著作物3については,著作者であるYが複製頒布したものであるから,複製権者が著作者の同意を得て複製頒布したものであり,その複製頒布がその性質に応じ公衆の要求を満たすことができる相当程度の部数に達している限り,公表されたものといえることになる
前提となる事実のとおり,著作物
3は,同原告が,被告による頒布行為の前に,ライブハウスの関係者にのみ記念として配布する趣旨で,同関係者らに複製頒布したものであり,その数量は少数であることが窺われるが,本件の著作物3のようなDVDに収録された「映画の著作物」については,作成頒布された複製物の数量が少数であったとしても,著作物の性質上,かかる場合においても,公衆の要求を満たすことができる相当程度の部数の複製物が複製頒布されたものと認められるから,同原告は,被告による頒布行為以前に,当該著作物を公表したと解するのが相当である。
したがって,著作物
3について,被告が,同原告の許諾を得ることなく,著作物3を複製し不特定人に頒布したとしても,同原告の著作者人格権(公表権,同法18条)の侵害は成立しない
平成23年10月31日東京地方裁判所[平成21(ワ)31190]

原告は,被告による本件動画へのリンクに先立ち,本件生放送をライブストリーミング配信しており,しかも原告の配信動画の視聴者数については,「常時400人以上であり,特に企画番組は人気で,この日は数千人の視聴者を超え」(訴状)ていたとされる。
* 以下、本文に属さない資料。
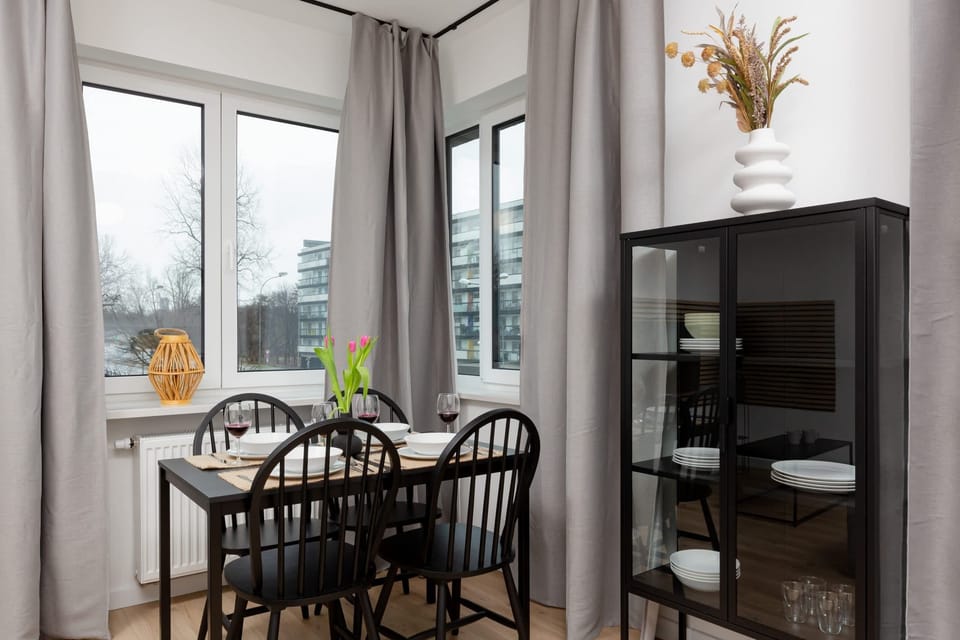 Dining area of the room with display cabinet with kitchenware. The large windows let in plenty of natural light which emphasises the cosiness of the room.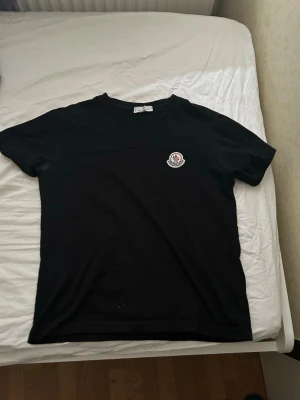 Svart Moncler t-shirt med logga - Snygg svart t-shirt från Moncler med klassisk rund hals och korta ärmar. På bröstet sitter Monclers ikoniska logga som en patch. Perfekt för en clean och stilren look.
そうすると,著作者である原告自身が,本件生放送を公衆送信(法2条1項7号の2)の方法で公衆に提示し,公表(法4条1項)したのであるから,本件生放送の一部にあたる本件動画について,公表権侵害は成立しない
平成25年06月20日大阪地方裁判所[平成23(ワ)15245]

本件写真は,未公表の著作物であった。そして,前記認定のとおり,補助参加人は,第1審原告から本件写真の利用について包括的許諾を受けているのであるから,第1審原告は,補助参加人(ないしは補助参加人から本件写真の著作権の利用の許諾を受けた者)において本件写真が利用ないし二次利用され公衆に提供されることについて包括的に同意したものと認められる(著作権法18条2項1号参照)。そうすると,第1審原告の公表権侵害の主張は理由がない。